Dataset extract below:

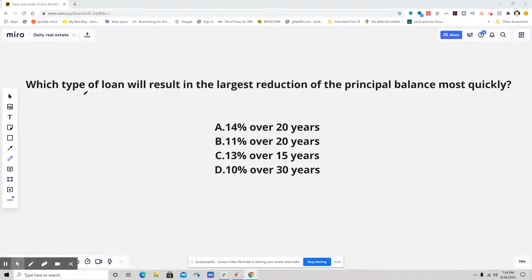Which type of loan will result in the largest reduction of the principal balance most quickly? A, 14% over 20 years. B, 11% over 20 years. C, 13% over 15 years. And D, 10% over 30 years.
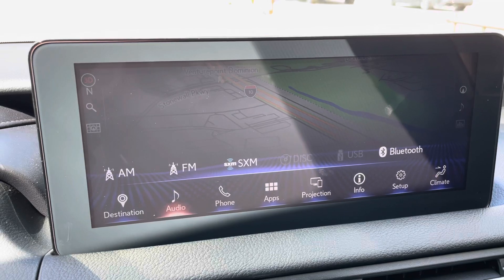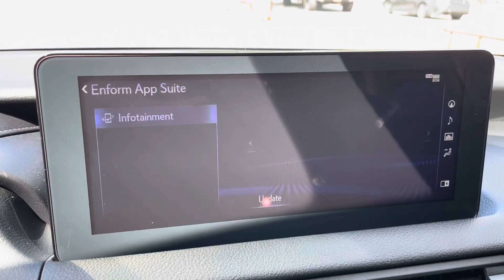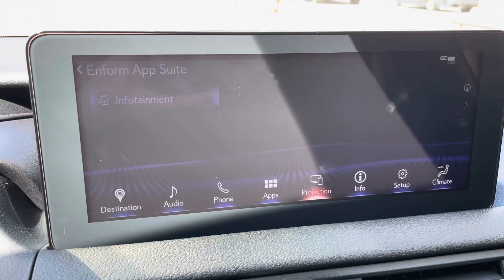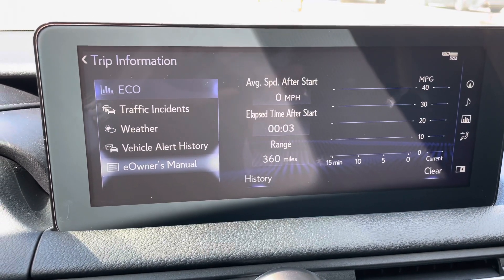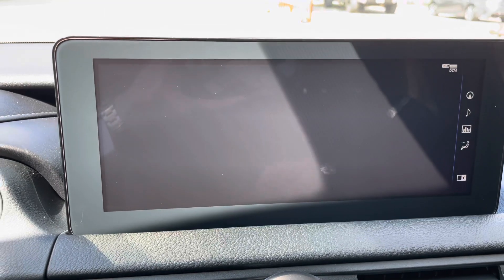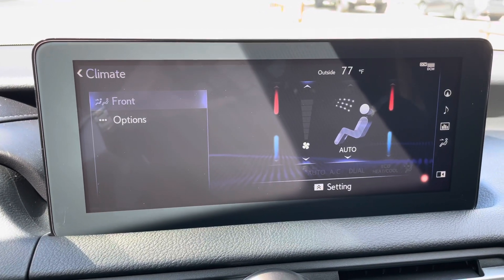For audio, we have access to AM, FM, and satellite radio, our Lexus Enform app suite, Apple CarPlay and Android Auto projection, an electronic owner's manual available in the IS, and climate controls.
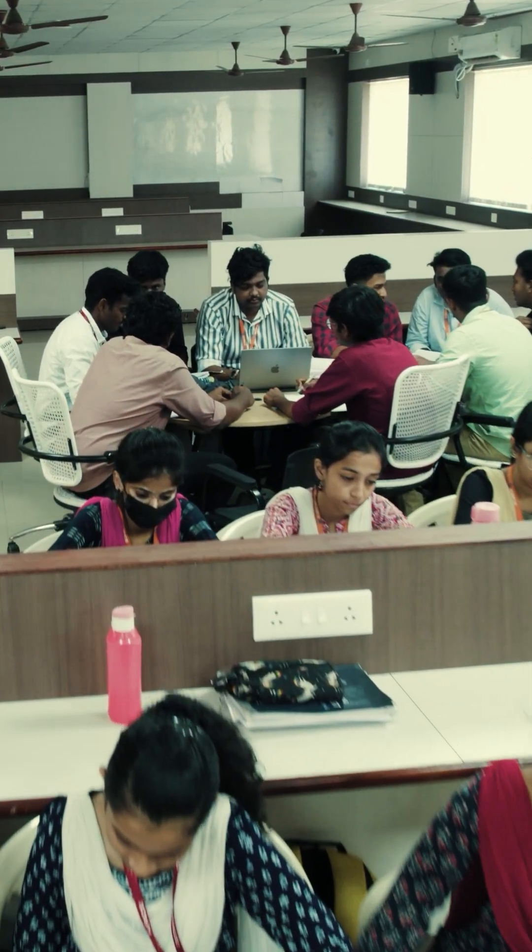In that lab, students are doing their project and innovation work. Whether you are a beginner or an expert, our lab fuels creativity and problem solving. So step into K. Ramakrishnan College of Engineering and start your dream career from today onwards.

End of Dataset extract.

• _Exercise_
Please copy out each line above exactly as written, but not the pictures.

• _Task answer_
Which type of loan will result in the largest reduction of the principal balance most quickly? A, 14% over 20 years. B, 11% over 20 years. C, 13% over 15 years. And D, 10% over 30 years.
For audio, we have access to AM, FM, and satellite radio, our Lexus Enform app suite, Apple CarPlay and Android Auto projection, an electronic owner's manual available in the IS, and climate controls.
In that lab, students are doing their project and innovation work. Whether you are a beginner or an expert, our lab fuels creativity and problem solving. So step into K. Ramakrishnan College of Engineering and start your dream career from today onwards.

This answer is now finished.